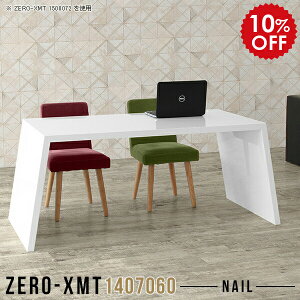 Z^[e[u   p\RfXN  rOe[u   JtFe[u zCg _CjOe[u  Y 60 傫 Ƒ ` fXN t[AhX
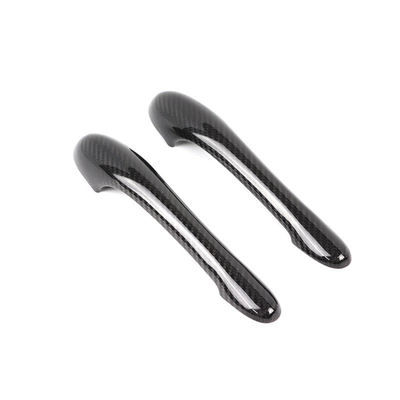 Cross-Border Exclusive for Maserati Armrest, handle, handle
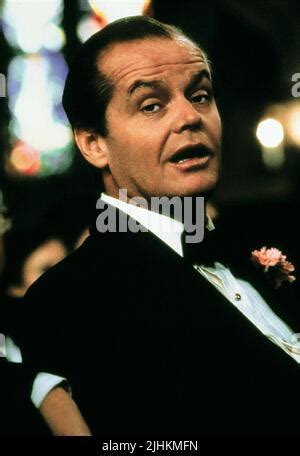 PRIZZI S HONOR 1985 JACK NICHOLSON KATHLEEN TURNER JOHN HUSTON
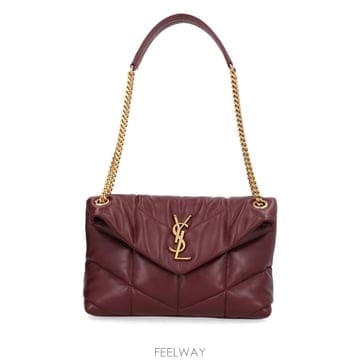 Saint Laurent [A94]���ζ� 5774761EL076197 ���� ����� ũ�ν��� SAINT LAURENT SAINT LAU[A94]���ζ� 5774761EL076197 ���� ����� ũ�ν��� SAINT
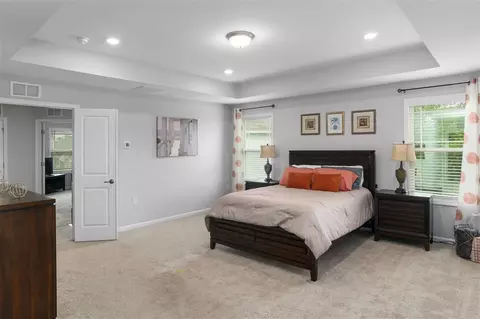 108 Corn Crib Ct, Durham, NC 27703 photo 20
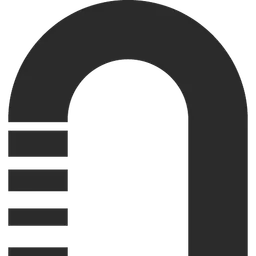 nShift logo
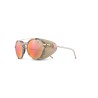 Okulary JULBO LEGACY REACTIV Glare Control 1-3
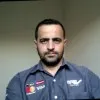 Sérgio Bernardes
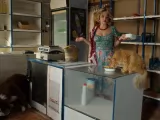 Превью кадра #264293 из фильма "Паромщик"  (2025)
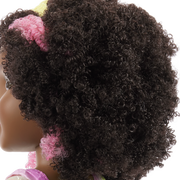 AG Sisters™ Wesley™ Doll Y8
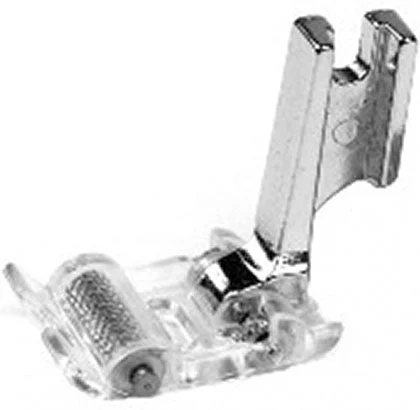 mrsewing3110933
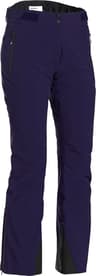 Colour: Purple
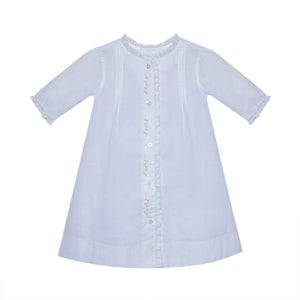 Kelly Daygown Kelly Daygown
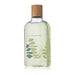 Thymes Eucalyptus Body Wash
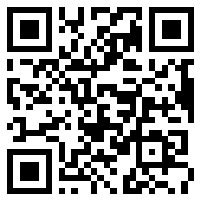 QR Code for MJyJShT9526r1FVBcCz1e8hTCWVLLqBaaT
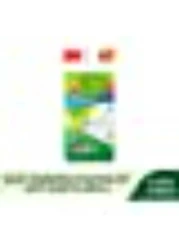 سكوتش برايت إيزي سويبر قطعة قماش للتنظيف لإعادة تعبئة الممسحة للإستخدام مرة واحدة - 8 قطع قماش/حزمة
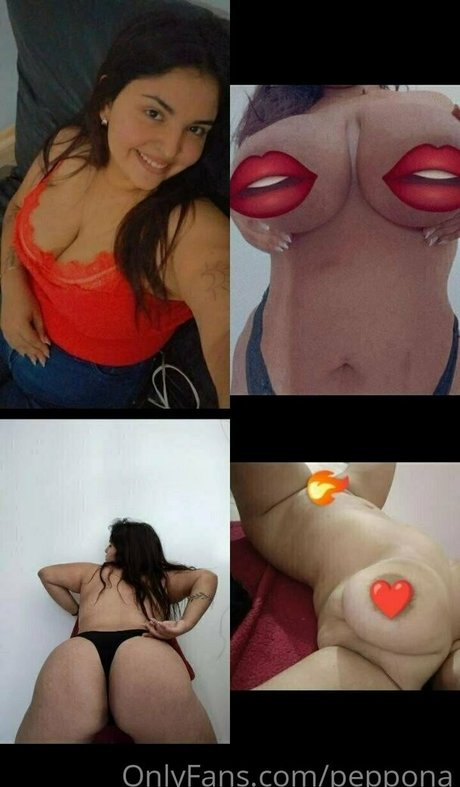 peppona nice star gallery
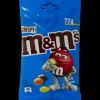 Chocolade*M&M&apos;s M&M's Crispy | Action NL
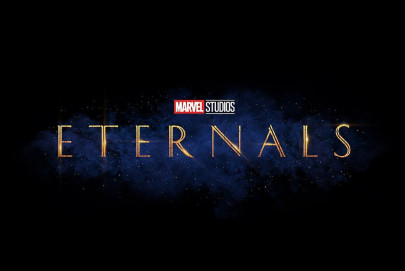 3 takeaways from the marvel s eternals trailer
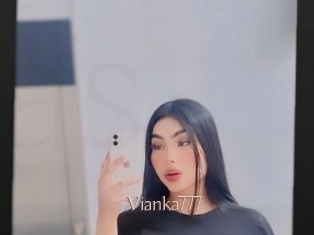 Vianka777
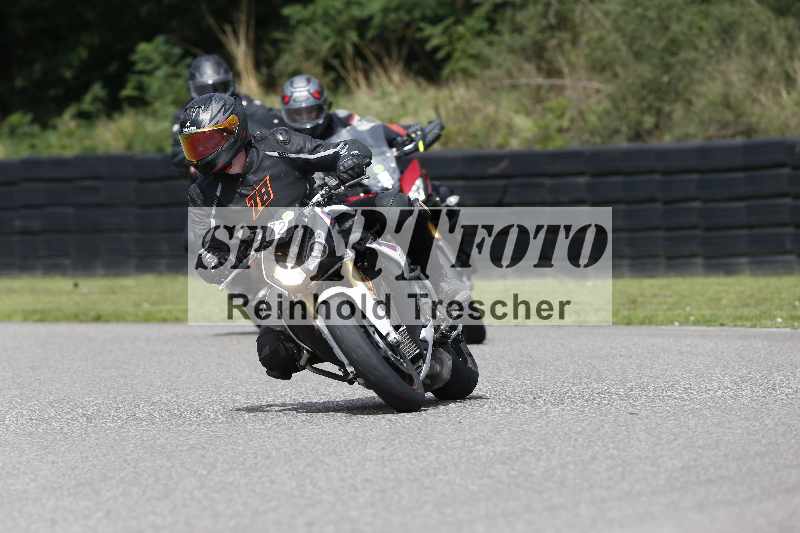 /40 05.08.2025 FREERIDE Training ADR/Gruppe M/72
··········
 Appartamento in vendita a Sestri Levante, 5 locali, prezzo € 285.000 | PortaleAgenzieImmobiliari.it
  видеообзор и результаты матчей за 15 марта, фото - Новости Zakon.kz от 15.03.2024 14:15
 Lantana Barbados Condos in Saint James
··········
§ **Exercise description**: Repeat exactly the lines above, beginning at the one containing "Превью кадра #264293" and ending at the one containing "Training ADR/Gruppe M/72". Do not carry over any pictures.

§ **Answer box**:
 Превью кадра #264293 из фильма "Паромщик"  (2025)
 AG Sisters™ Wesley™ Doll Y8
 mrsewing3110933
 Colour: Purple
 Kelly Daygown Kelly Daygown
 Thymes Eucalyptus Body Wash
 QR Code for MJyJShT9526r1FVBcCz1e8hTCWVLLqBaaT
 سكوتش برايت إيزي سويبر قطعة قماش للتنظيف لإعادة تعبئة الممسحة للإستخدام مرة واحدة - 8 قطع قماش/حزمة
 peppona nice star gallery
 Chocolade*M&M&apos;s M&M's Crispy | Action NL
 3 takeaways from the marvel s eternals trailer
 Vianka777
 /40 05.08.2025 FREERIDE Training ADR/Gruppe M/72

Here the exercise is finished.